Let A = $\left[a_{ij}\right]_{(2n-1)(2n-1)}$ (n ∈ N) denote a square matrix of order [ 2n - 1 ] and \begin{equation} [a_{ij}] = \left\{ \begin{array}{lr} \frac{1}{2}(2n^2+i+j+2-4n), i = j\\ \frac{1}{2}(2n^2+i-j+2+4n),i≠j \end{array} \right\} \end{equation}
Let f(x) = | xI - A |. Let L = $\frac{f^{2n-2}(0)}{\left(2n-2\right)!}$ and Let M = $\sum_{n=1}^{102}(-1)^{n-1}(L)$.

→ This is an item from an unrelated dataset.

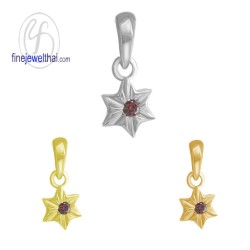 จี้โกเมน-จี้เงิน-โกเมนแท้-พลอยประจำเดือนเกิด-Finejewelthai-P1156gm00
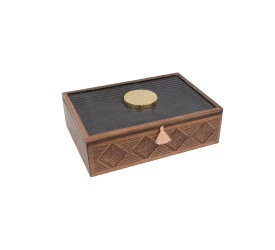 Caixa Decorativa Yangzi Madeira 16x24 27102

Here, $f^k(o)$ represents the $k^{th}$ derivative of y = f(x) at x = 0,
[I represents an Identity matrix and |D| represents the determinant value of any matrix 'D']
Evaluate M.
This question is from highschool test and during the test, I started with taking the case n = 2 and create the matrix which in my case was $[a_{ij}]_{(3 \,x \, 3)}$,
$$A = \left[\begin{array}{rrr} 2 & 0.5 & 0 \\ 1.5 & 3 & 0.5 \\ 2 & 1.5 & 4 \end{array}\right] $$
which makes 'I' naturally a $3\,x\,3$ matrix,
$$f(x) = \left[\begin{array}{rrr} x-2 & -0.5 & 0 \\ -1.5 & x-3 & 0.5 \\ -2 & -1.5 & x-4 \end{array}\right] $$ Then, on taking n = 2 in L, we get L = $\frac{f^2(0)}{2!}$, before which we need f'(x) so to get that obviously we expand the matrix f(x) giving us;
| f(x) | = $x^3-9x^2-26x-23 $ after which, L = -9 and similarly M.

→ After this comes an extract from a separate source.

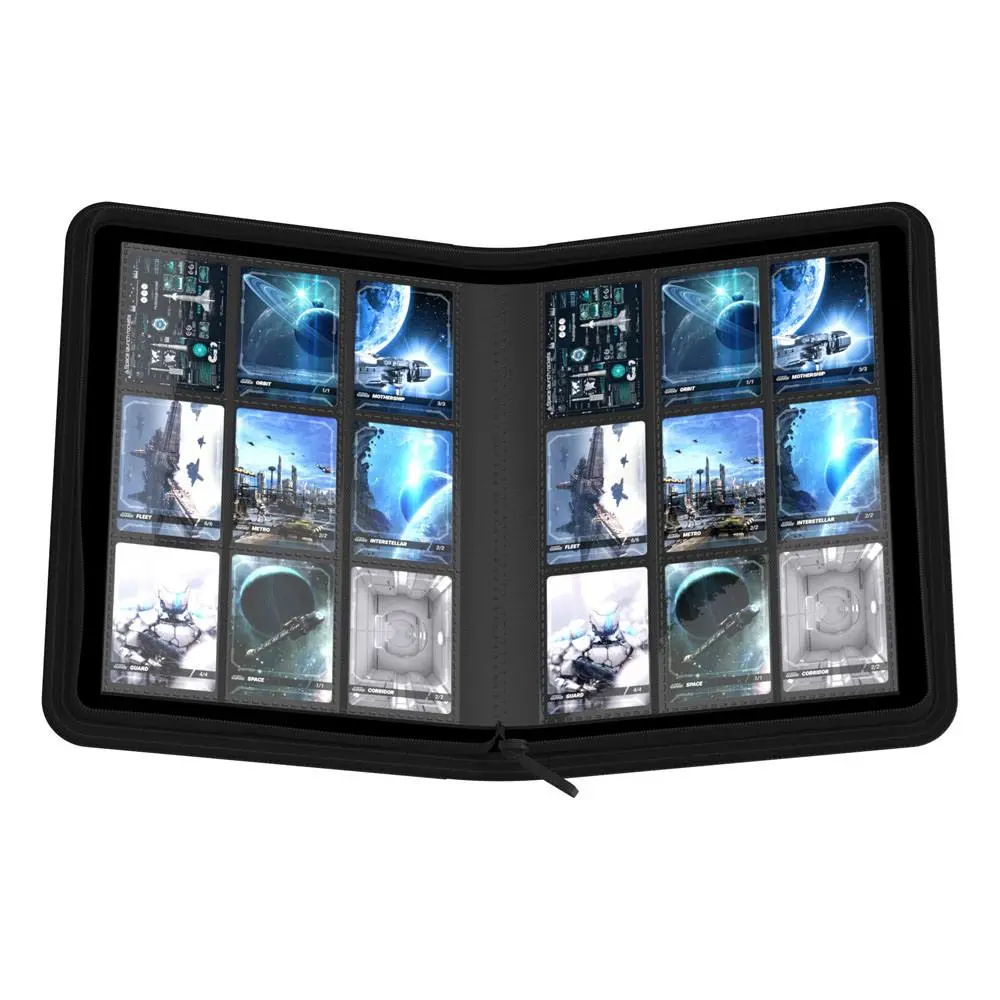 Ultimate Guard Zipfolio 360 - 18-Pocket XenoSkin Mini American Black product photo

NOTE-I am interested to learn a method which doesn't involve characteristic equation. The question however has two elegant answers below using characteristic equation.

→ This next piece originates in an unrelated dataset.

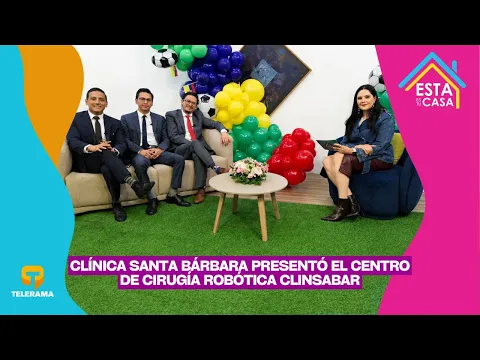 Clínica Santa Bárbara presentó el centro de cirugía robótica Clinsabar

It may be worth reading more about the characteristic polynomial (its expressions and interesting math around it) to get a sense of direction since that is what your f(x) is coincidentally describing.
As for giving you a starting point, this may be helpful: using Jacobi's formula, you can evaluate $$ \begin{align} f^1(x)&=det|xI-A|\cdot tr\left((xI-A)^{-1} \frac{d (xI-A)}{dx}\right) \\ &= f(x)\cdot tr\left((xI-A)^{-1} I\right) \\ &= f(x)\cdot tr\left(\frac{1}{det|xI-A|}adj(xI-A) \right) \\ &= f(x)\cdot tr\left(\frac{1}{f(x)}adj(xI-A) \right) \\ &= tr\left(adj(xI-A) \right) \\ \end{align} $$ and you could continue from there.
PS: What high school test is this a part of (just curious)?